40 The Minister submitted that these grounds confuse the Court's role in judicial review and invite the Court to engage in impermissible merits review. The primary judge stated that it was not necessary for the wife to attend the Circuit Court hearing, or give evidence. Despite orders allowing the applicant to provide documents, no evidence was filed. The Minister submitted that the Circuit Court's refusal to adjourn the proceeding was not unreasonable in the circumstances and no error is made out in that regard.

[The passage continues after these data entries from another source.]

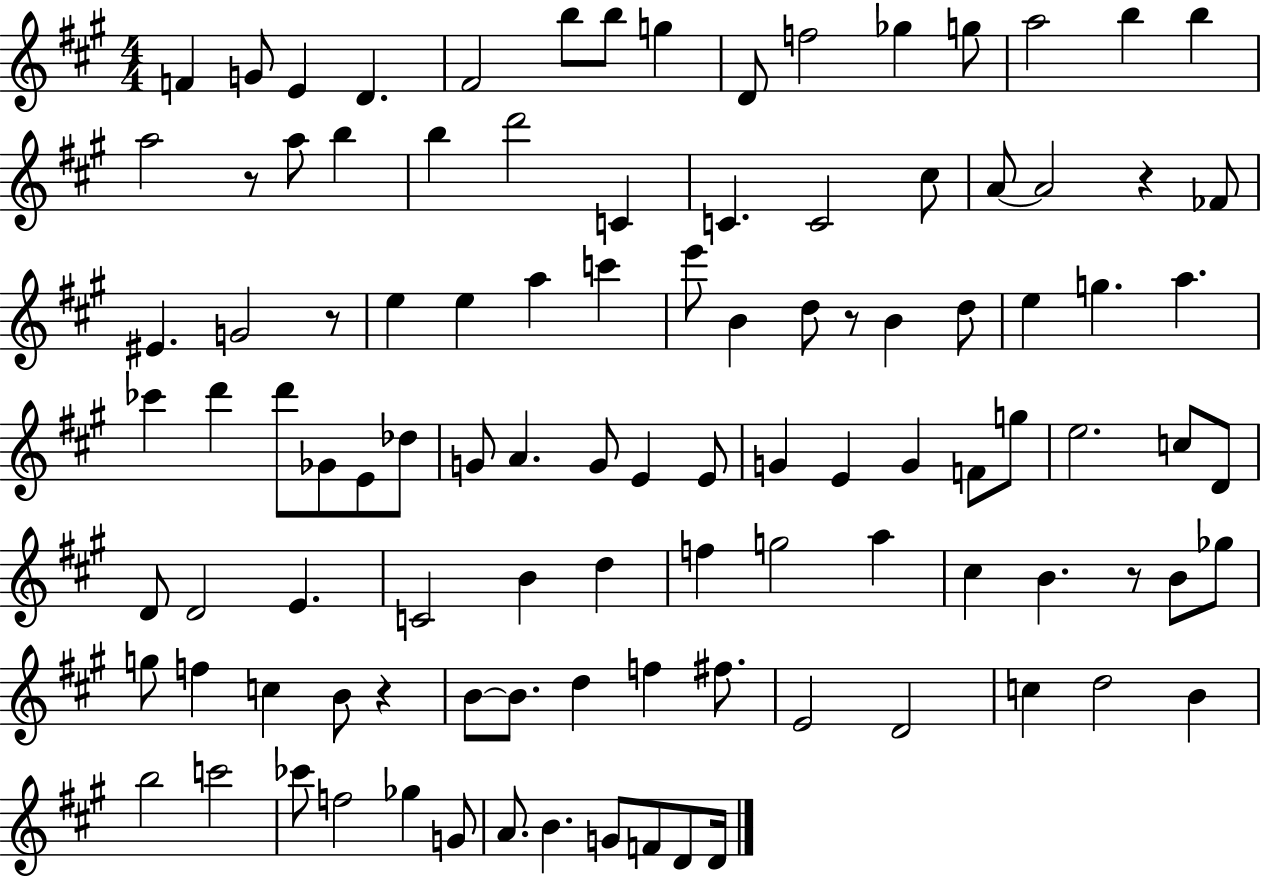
{
  \clef treble
  \numericTimeSignature
  \time 4/4
  \key a \major
  f'4 g'8 e'4 d'4. | fis'2 b''8 b''8 g''4 | d'8 f''2 ges''4 g''8 | a''2 b''4 b''4 | \break a''2 r8 a''8 b''4 | b''4 d'''2 c'4 | c'4. c'2 cis''8 | a'8~~ a'2 r4 fes'8 | \break eis'4. g'2 r8 | e''4 e''4 a''4 c'''4 | e'''8 b'4 d''8 r8 b'4 d''8 | e''4 g''4. a''4. | \break ces'''4 d'''4 d'''8 ges'8 e'8 des''8 | g'8 a'4. g'8 e'4 e'8 | g'4 e'4 g'4 f'8 g''8 | e''2. c''8 d'8 | \break d'8 d'2 e'4. | c'2 b'4 d''4 | f''4 g''2 a''4 | cis''4 b'4. r8 b'8 ges''8 | \break g''8 f''4 c''4 b'8 r4 | b'8~~ b'8. d''4 f''4 fis''8. | e'2 d'2 | c''4 d''2 b'4 | \break b''2 c'''2 | ces'''8 f''2 ges''4 g'8 | a'8. b'4. g'8 f'8 d'8 d'16 | \bar "|."
}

41 As to the applicant's draft grounds 4 to 6, the Minister contended at [32] and [33] of his submissions:
32 Ground four contends that any deficiencies in the documents the applicant provided to the Tribunal was his migration agent's fault, as he relied on his agent's advice as to what documents to provide. Ground five contends that the applicant's migration agent was supposed to seek an adjournment of the Tribunal hearing. The applicant alleges the FCC did not take these matters into account. There is no evidence that the applicant made any allegations against his migration agent to the Tribunal or the FCC. Accordingly, there is no error in the primary judge's decision not addressing this. Insofar as the applicant is seeking to raise new allegations on appeal, the first respondent submits that these allegations are entirely unsubstantiated and leave to bring these new grounds on appeal should be refused.
33 Ground six contends the primary judge did not consider the applicant's explanation that he did not attend the Tribunal hearing because his daughter was sick. This was clearly considered by the primary judge: BD 19 at [20]. However, the primary judge found the applicant did not send any note or message to the Tribunal either before or after the hearing advising them he was unable to attend for these reasons: BD 19 at [20]. Given the applicant had not sought an adjournment of the Tribunal hearing, HH found the Tribunal did not fail to consider an adjournment request or afford the applicant procedural fairness: BD 19 at [21]. This ground simply expresses the applicant's dissatisfaction with the Court's reasons and discloses no legal error in the primary judge's decision.
42 In respect of the applicant's remaining draft grounds, the Minister submitted at [34] as follows:
34 Grounds seven, eight and nine contend the primary judge did not consider the genuineness of the applicant's and sponsor's relationship or the compelling reasons for not applying the Schedule 3 criteria. In particular, the applicant claims the sponsor is in prison and he and the sponsor's mother look after their daughter. Again, this confuses the Court's role in judicial review proceedings. This evidence was not before the Tribunal and the applicant invites the Court to undertake impermissible merits review. No error in the primary judge's decision is made out. Insofar as these grounds challenge the Tribunal's decision, the first respondent submits the Tribunal correctly considered the evidence that was before it at the time of its decision as to whether there were compelling reasons for not applying the Schedule 3 criteria and its findings were open to it on the available evidence (BD 4 at [22]-[32]) … No jurisdictional error in the Tribunal's decision is made out.